The above algorithm of “Data Processing program” uses only one tmpDataTransaction table based on starting record and ending record number each thread works on its own set of data. If required, we can increase the maximum records processed by a thread to higher value, create individual tmpDataTransaction table for each thread, this allows each thread to work on its own table for all validation/transformation. Since nologging is used while creating these temporary intermediate tables, the time to log information in redo/undo logs is saved.
Additional
Additional thoughts can be put on like, partitioning the tmpDataTransaction table and production tables based on category/type of records like city wise, date range wise, transaction type wise, etc. This helps database optimizer to work on independent set of data. In many new versions of the databases, the optimizer tries to introduce as much as parallelism as possible while executing the query.

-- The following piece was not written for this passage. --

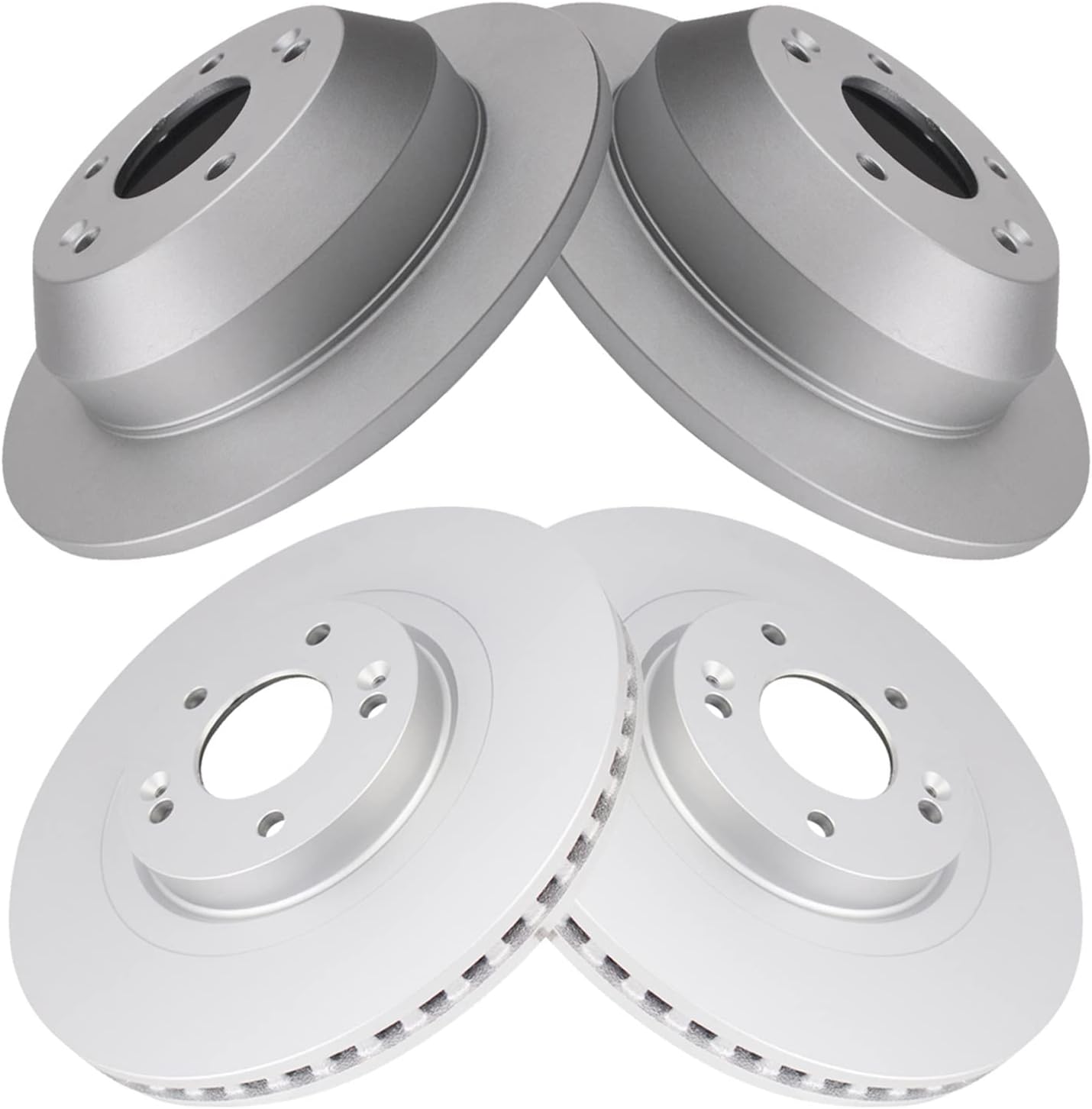 TRQ Front and Rear Brake Rotors Set Premium G-Coated Compatible with 2013-2018 Hyundai Santa Fe Santa Fe Sport 2014-2015 Kia Sorento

Looking/Tuning the Database settings based on project needs can also contribute in performance.
Conclusion
As discussed in the article, while looking at the performance in batch/ETL kind of data processing, considering/using of set theory, processing data in chunks in parallel, having nologging temporary intermediate stages in validation/transformation logics results/yields more gain in performance. While developing ETL/Batch processing SQL Programs, we can plan plus implement innovative approaches in design/coding. Hence, looking at SQL Set theory, function based SQL/Indexes, parallel processing in chunks, studying execution plans of query for tuning purpose plus using other new features of the database; processing of huge volume data can be made faster.